Task requirements:
For this task, output exactly the lines of the material below starting at the line with "Folleto Alimerka - 22/06/26" and ending at the line with "Motorcycle Triumph Tiger 1200 XCA"; pictures are to be excluded.

### Provided data ###

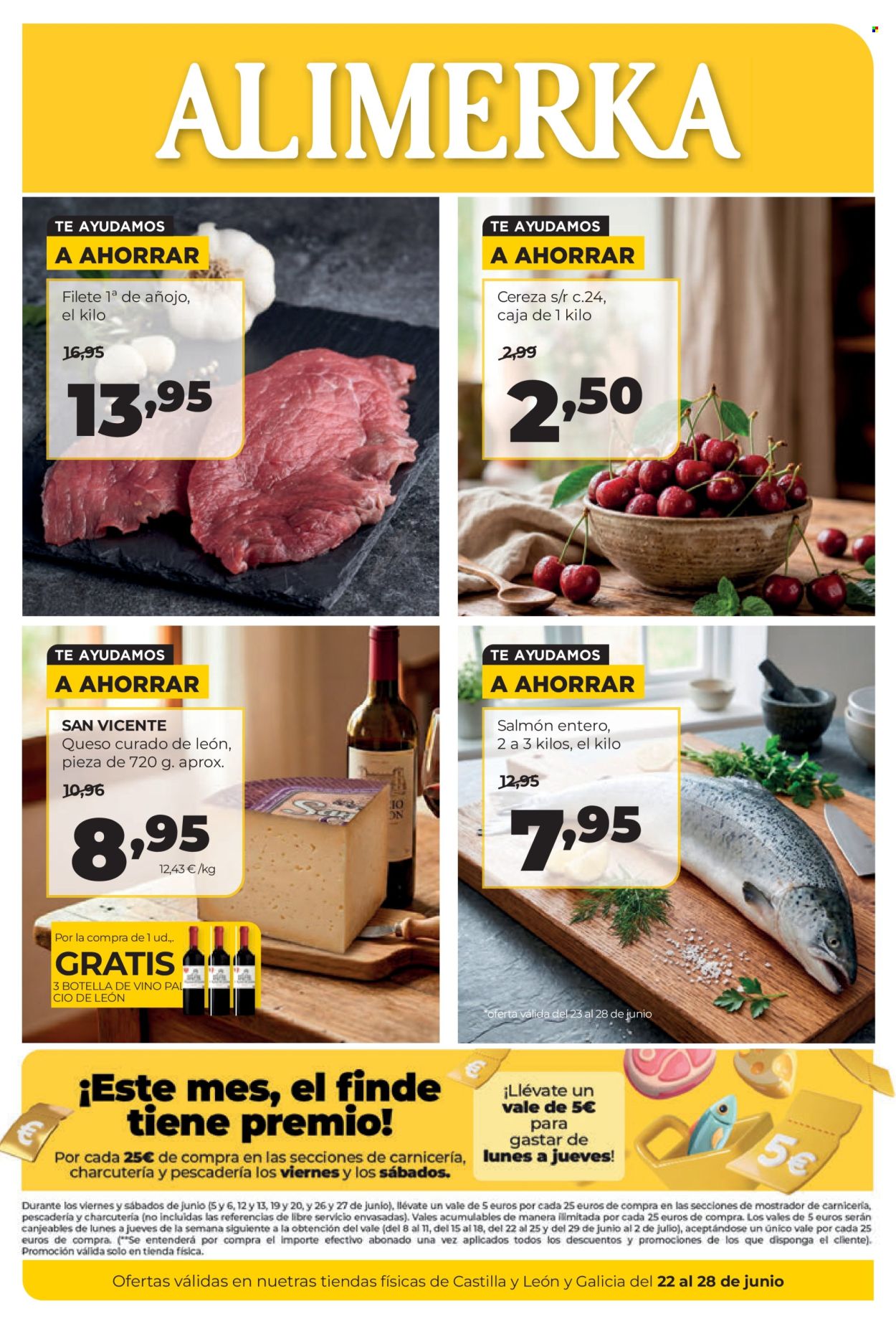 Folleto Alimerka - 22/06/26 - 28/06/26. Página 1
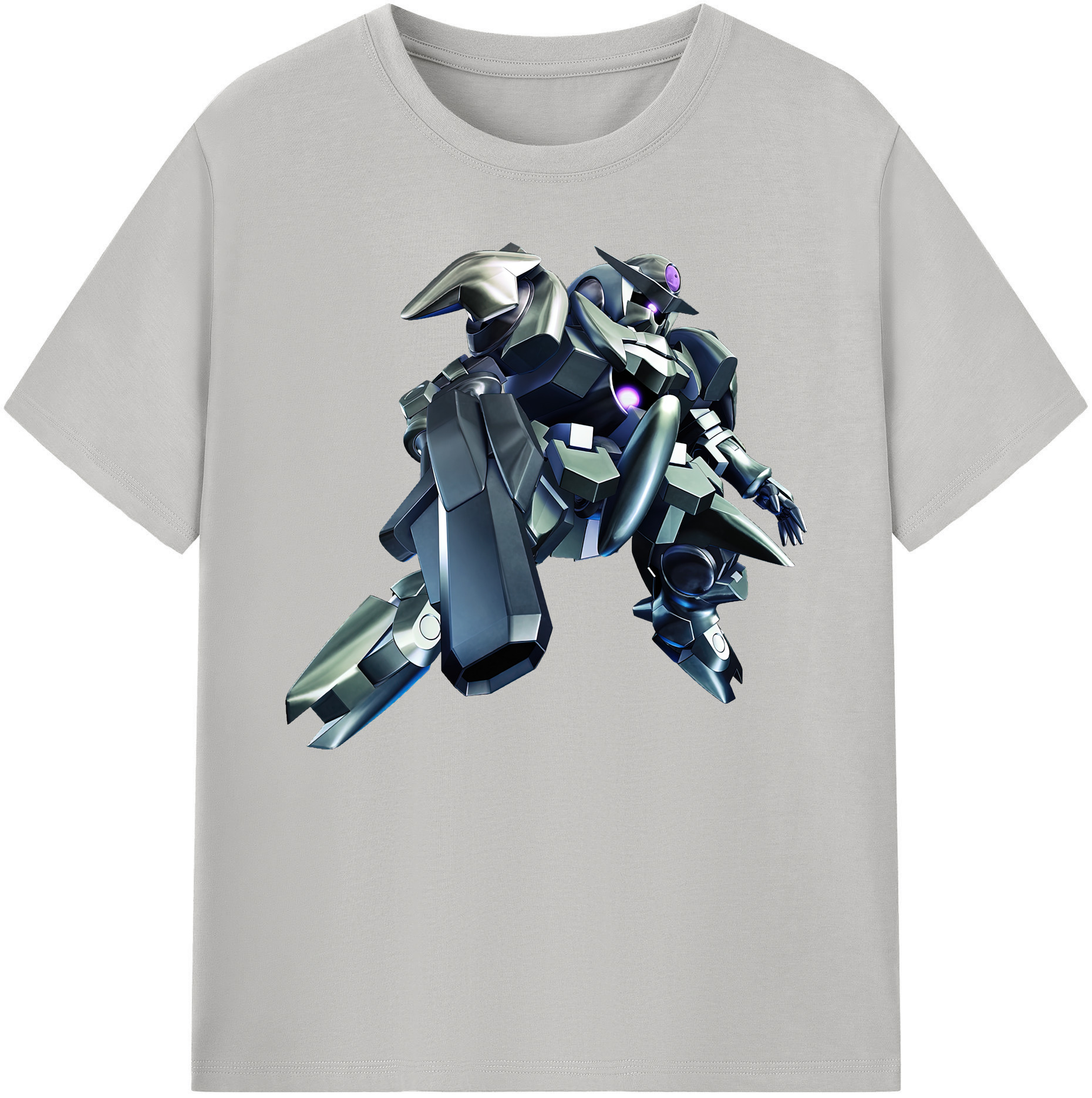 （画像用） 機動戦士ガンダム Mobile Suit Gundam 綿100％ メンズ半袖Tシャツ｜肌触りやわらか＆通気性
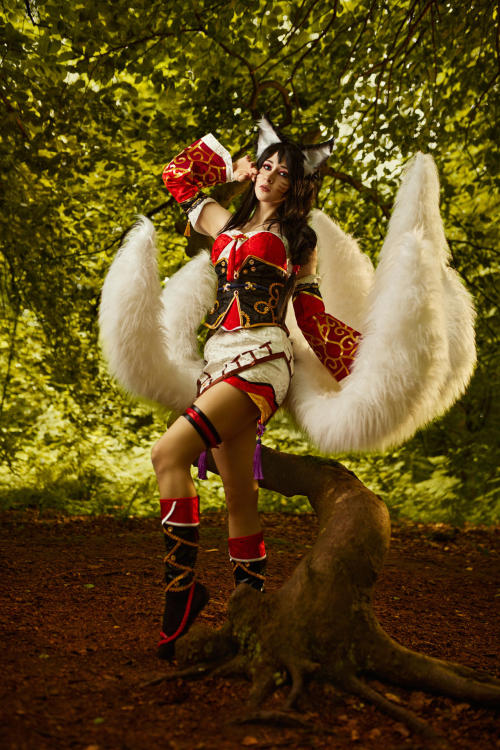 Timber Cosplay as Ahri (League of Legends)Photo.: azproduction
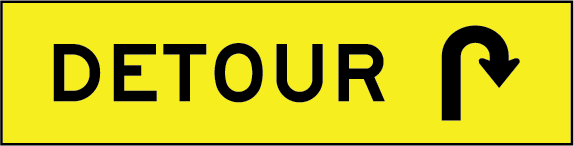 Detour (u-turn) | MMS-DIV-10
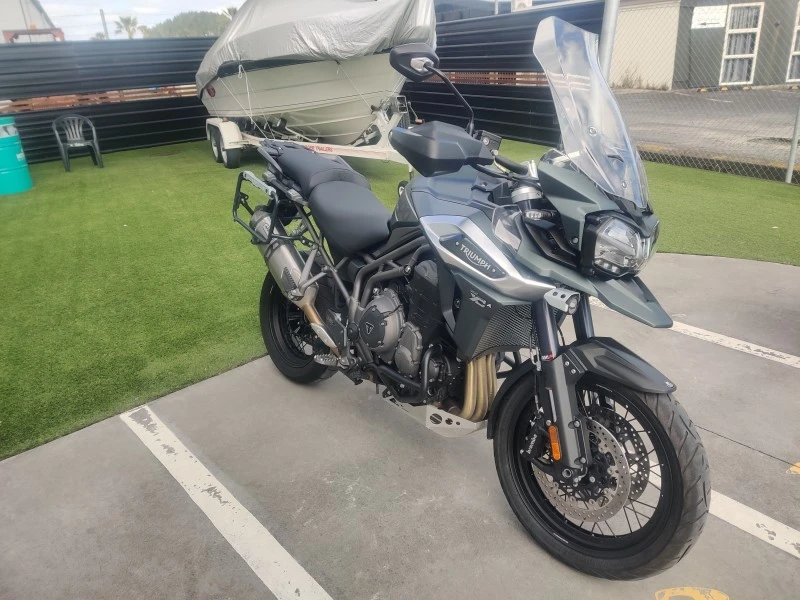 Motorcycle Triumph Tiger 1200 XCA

###
### Provided data ###

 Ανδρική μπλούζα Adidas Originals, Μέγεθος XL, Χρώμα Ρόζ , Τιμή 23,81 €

###

Answer for the task:
 Folleto Alimerka - 22/06/26 - 28/06/26. Página 1
 （画像用） 機動戦士ガンダム Mobile Suit Gundam 綿100％ メンズ半袖Tシャツ｜肌触りやわらか＆通気性
 Timber Cosplay as Ahri (League of Legends)Photo.: azproduction
 Detour (u-turn) | MMS-DIV-10
 Motorcycle Triumph Tiger 1200 XCA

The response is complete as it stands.